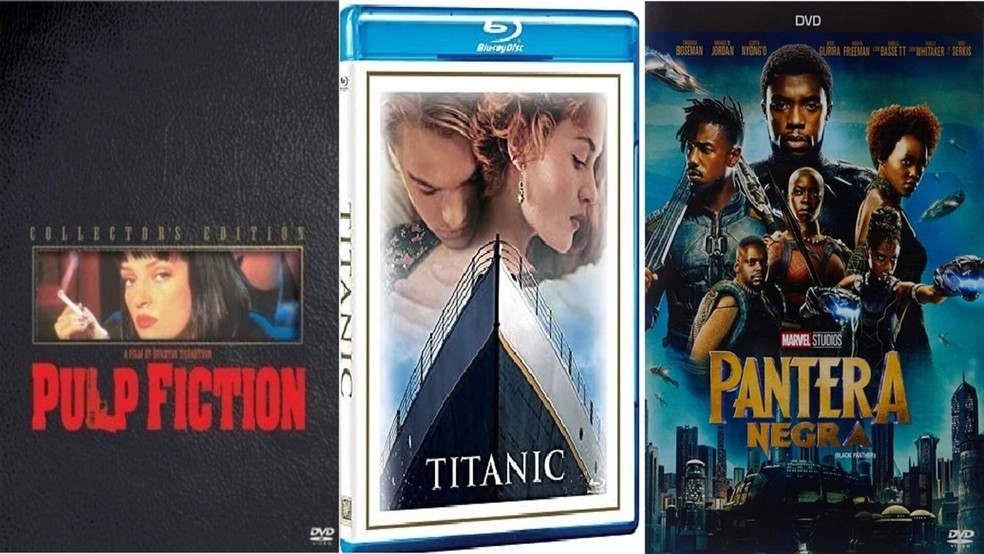 Da esquerda para direita, capa dos filmes Pulp Fiction, Titanic e Pantera Negra (Foto: Reprodução/Amazon)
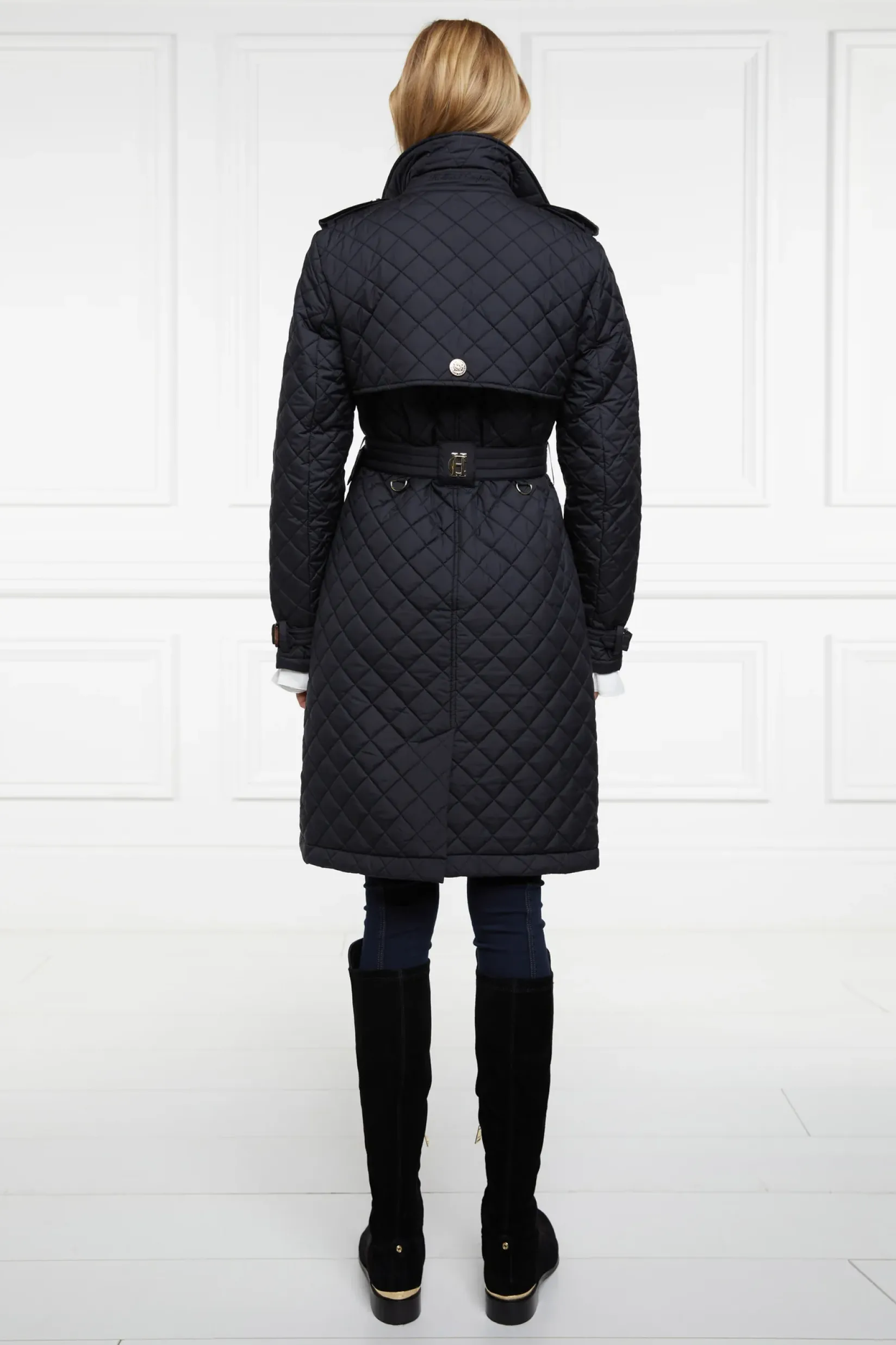 Holland Cooper Trench Coats|Coats-Enstone Quilted Trench Coat Black Gold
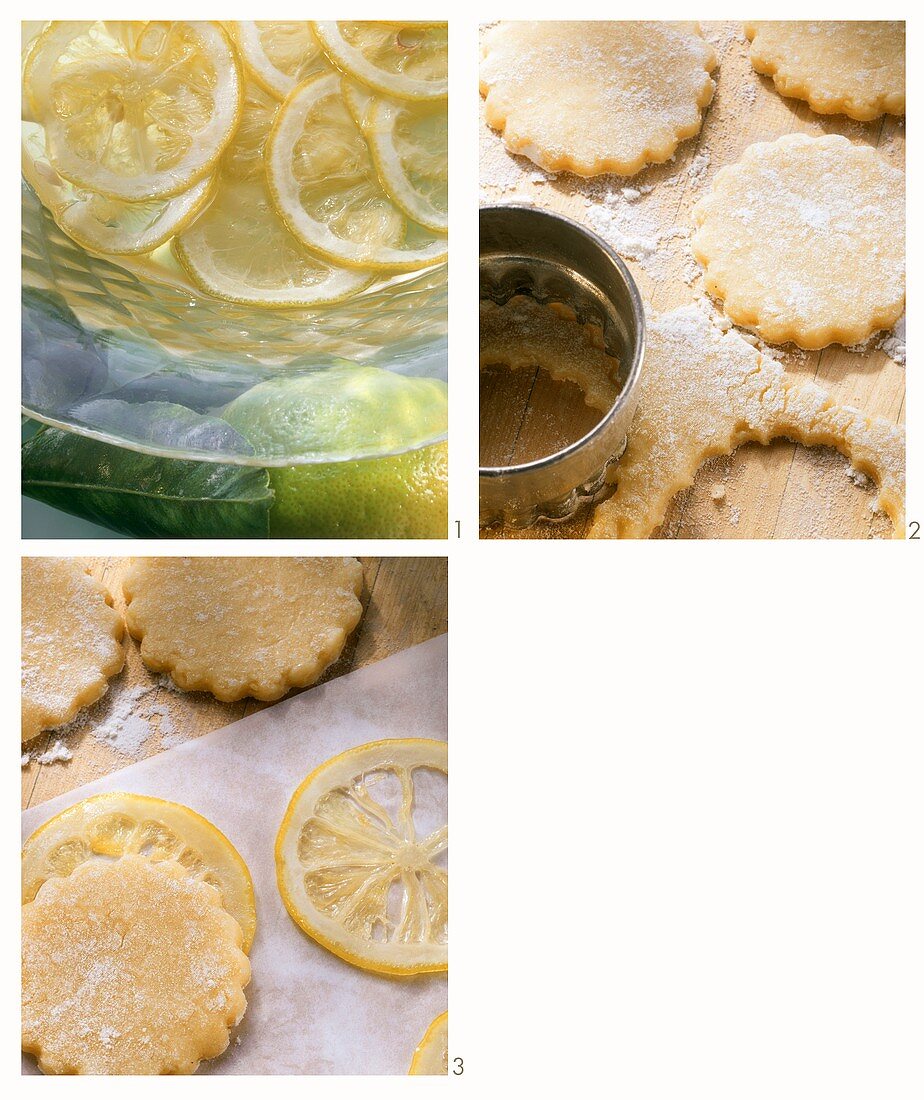 Making biscuits with candied lemon slices
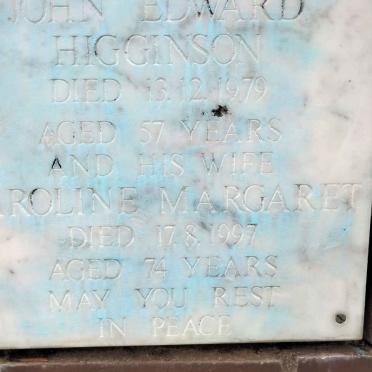 HIGGINSON John Edward -1979 &amp; ?roline Margaret -1997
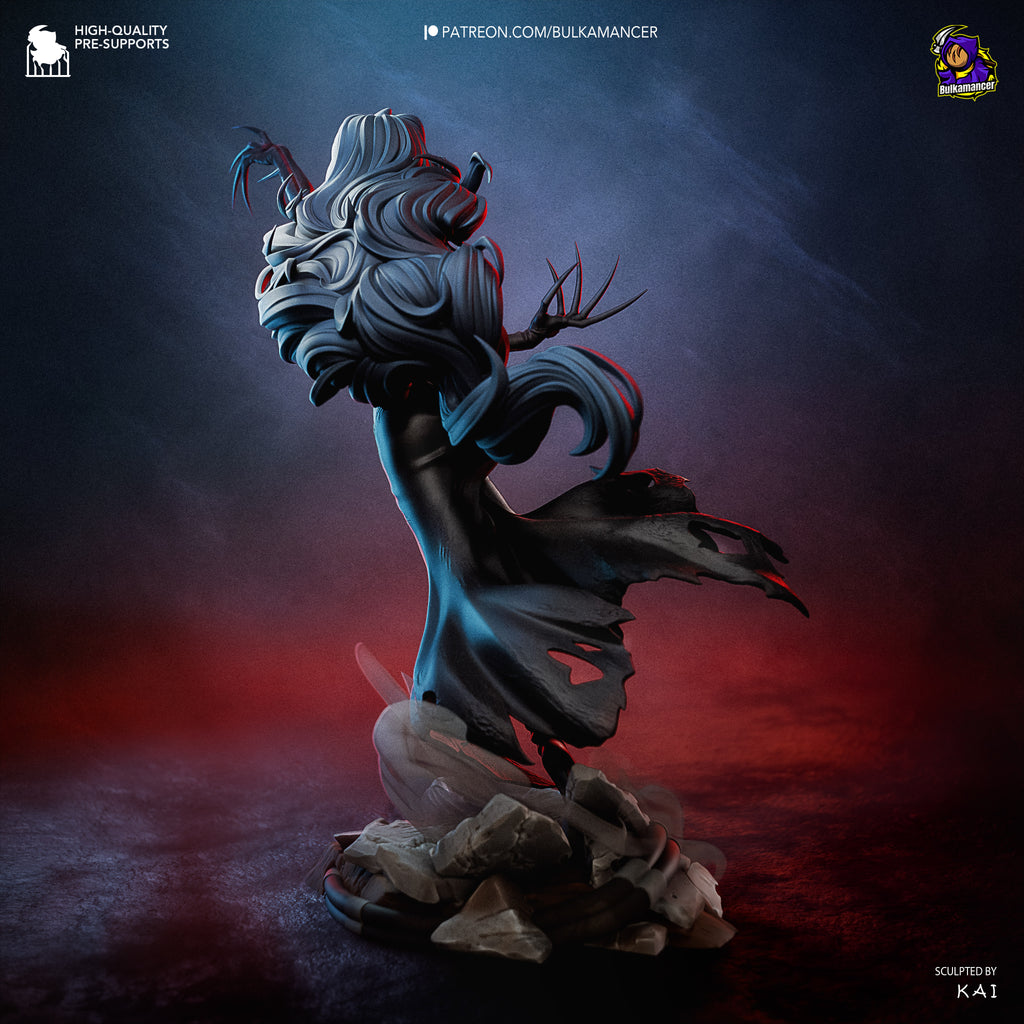 Gothic Dark Sorceress Resin Statue – Elegant Anime Villainess Figure –  Model Kit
┄┄┄┄┄┄
Retype, word for word, the line containing "Making biscuits with candied lemon slices" and each line after it through the end of the data, leaving any picture out.

> Completed task:
 Making biscuits with candied lemon slices
 HIGGINSON John Edward -1979 &amp; ?roline Margaret -1997
 Gothic Dark Sorceress Resin Statue – Elegant Anime Villainess Figure –  Model Kit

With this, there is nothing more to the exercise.